HERMES: KV Cache as Hierarchical Memory for Efficient Streaming Video Understanding

TL;DR

HERMES introduces a training-free hierarchical KV cache architecture that enables real-time, resource-efficient streaming video understanding with significant speed and accuracy improvements.

Contribution

It proposes a novel hierarchical KV cache framework for streaming video understanding that requires no additional training and enhances efficiency and accuracy.

Findings

Achieves 10× faster TTFT than prior SOTA methods.

Maintains superior or comparable accuracy with up to 68% reduction in video tokens.

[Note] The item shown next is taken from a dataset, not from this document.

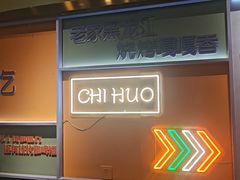 -醉炫音速烧烤·干煸菜(沙河总店)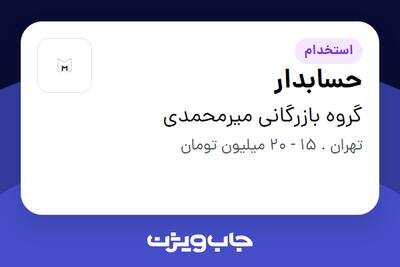 استخدام حسابدار در گروه بازرگانی میرمحمدی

Delivers up to 11.4% accuracy gains on streaming video benchmarks.

Abstract

Recent advancements in Multimodal Large Language Models (MLLMs) have demonstrated significant improvement in offline video understanding. However, extending these capabilities to streaming video inputs, remains challenging, as existing models struggle to simultaneously maintain stable understanding performance, real-time responses, and low GPU memory overhead. To address this challenge, we propose HERMES, a novel training-free architecture for real-time and accurate understanding of video streams. Based on a mechanistic attention investigation, we conceptualize KV cache as a hierarchical memory framework that encapsulates video information across multiple granularities. During inference, HERMES reuses a compact KV cache, enabling efficient streaming understanding under resource constraints. Notably, HERMES requires no auxiliary computations upon the arrival of user queries, thereby guaranteeing real-time responses for continuous video stream interactions, which achieves 10$\times$ faster TTFT compared to prior SOTA. Even when reducing video tokens by up to 68% compared with uniform sampling, HERMES achieves superior or comparable accuracy across all benchmarks, with up to 11.4% gains on streaming datasets.